ある早朝のこと
ある朝、新聞を取りに門のところまで行った私は、大きなブーンという音を聞いて、思わずしゃがみこんでしまった。
はちだ。こわいなあと思いながらどこかに行ってくれないかとじっとその音が消えるのを待った。なかなかブーンという音は消えない。約10分くらいしゃがんでいたと思う。そんな風に感じただけでもっと短かったかもしれないけれど私には長く感じた。まだ消えない。「だれか助けて!」
家の中のだれかを呼ぼうと思っても、声がでない。また、10分くらいそこにしゃがんでいた。それでもブーンという音は消えない。狙われているのだろうか?私は意を決しておそるおそるしゃがみながら、中腰のまま玄関のある方へ後ろむきになって移動した。そして、玄関の方に来ると急いでドアを開けてばたんと閉めた。
「あー、助かった!」
私は、家の中の窓から外の様子をのぞいて見た。

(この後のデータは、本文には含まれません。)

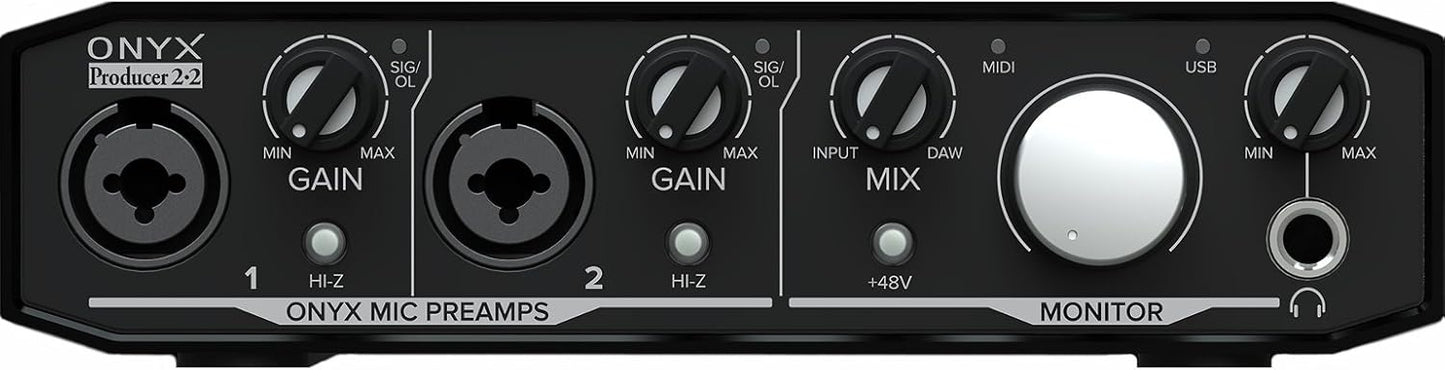 Mackie Onyx Producer 2-2 USB Audio Interface with MIDI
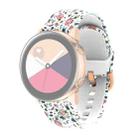 For Samsung Galaxy Watch 42mm Silicone Printing Watch Band(Bird) - 1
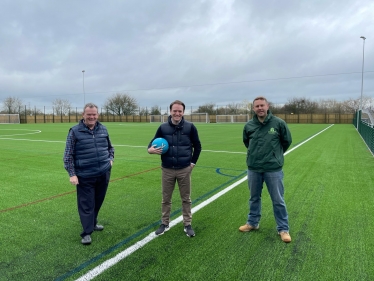 Gareth Davies MP at the Bourne Artificial Grass Pitch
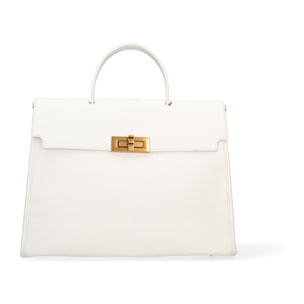 Borsa a mano da donna Made in Italy - Modello Zaffiro Lux - 100% pelle - 35.0 x 27.0 x 13.0 cm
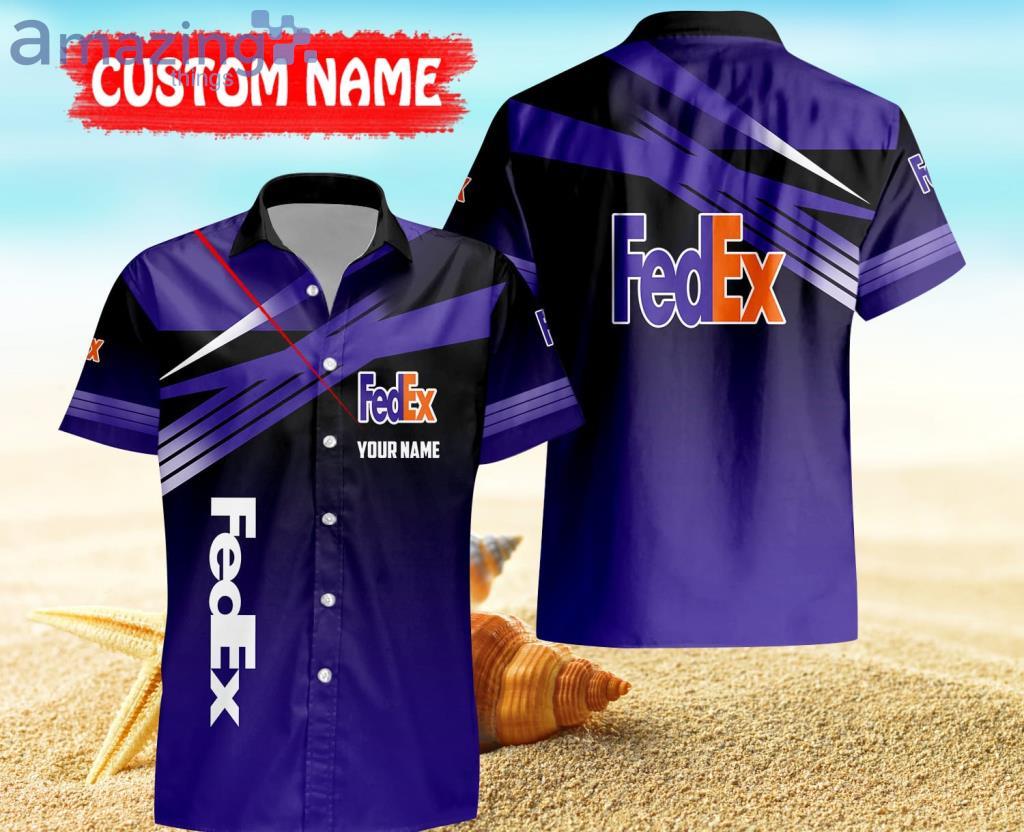 Personalized Fedex Hawaiian Shirt For Men And Women Product Photo 1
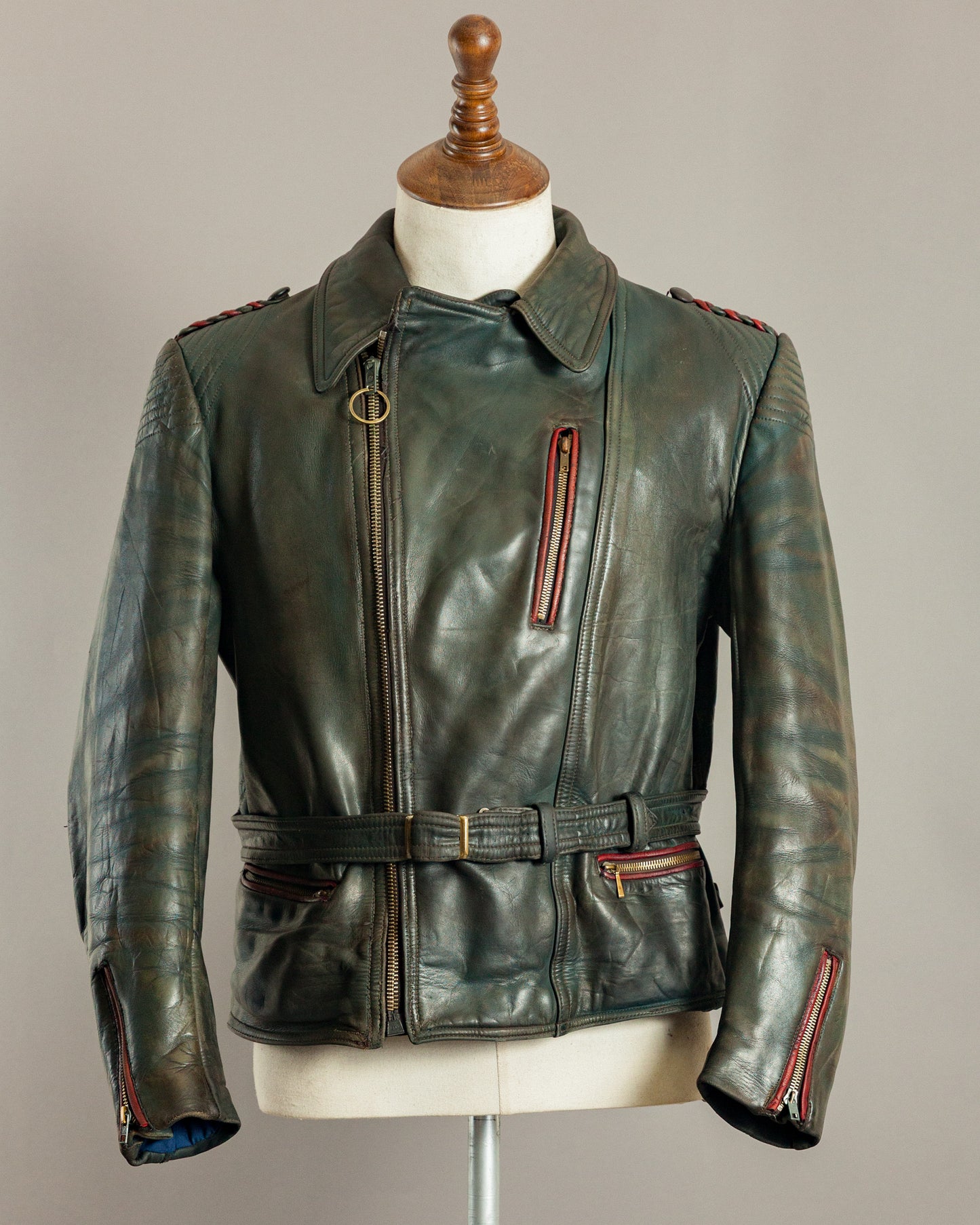 1950s German Motorcycle Jacket - Small (38-40)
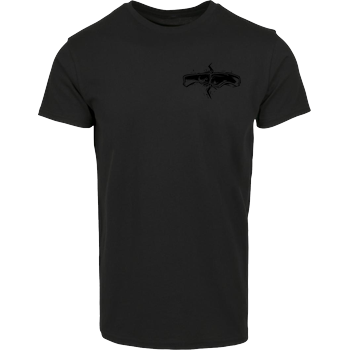 Kelvin und Marvin - Fäuste Hausmarke T-Shirt  - Schwarz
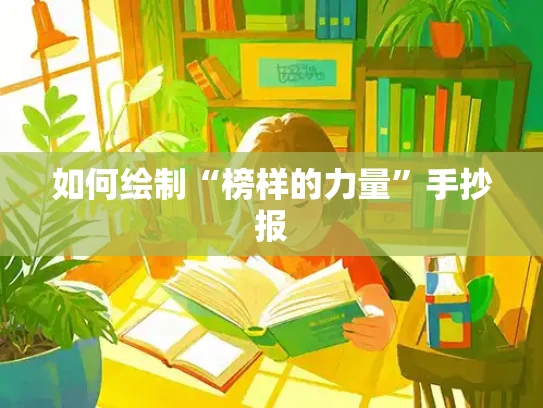 如何绘制“榜样的力量”手抄报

音は相変わらず聞こえるが、はちの姿は見えない。仕方なく玄関をもう一度ほんの少し開けてそっと外の様子を見てみた。くまんばちだった。くまんばちが私に気が付いたのか、ぱっとどこか遠くへ飛んでいってしまった。
やっと原因がわかった。くまんばちが一生懸命庭の南天の花のまわりを飛んでいたのだ。くまんばちは私を襲ったのではなく、ただひたすら花の蜜を吸っていたのだ。そして、さっきは、私に見られていることに気づき逃げていったのだった。食事の邪魔をしてかえって申し訳ない気がした。
そしてまた別の日。ありが何かの塊に群がっていた。後日それは、くまんばちの死骸だったことがわかった。あのくまんばちかどうかはわからないけれど。そして、ふと別の方に目をやると、せみの抜け殻が2つローズマリーの枝の所にちょこんとあった。そういえば、先日、早朝に庭に水やりをしていたら、あわててせみが飛んでいったっけ。こんなちいさな猫の額ほどの庭で小さな虫のはかない生と死を目にしたようだった。夏が来たと感じた。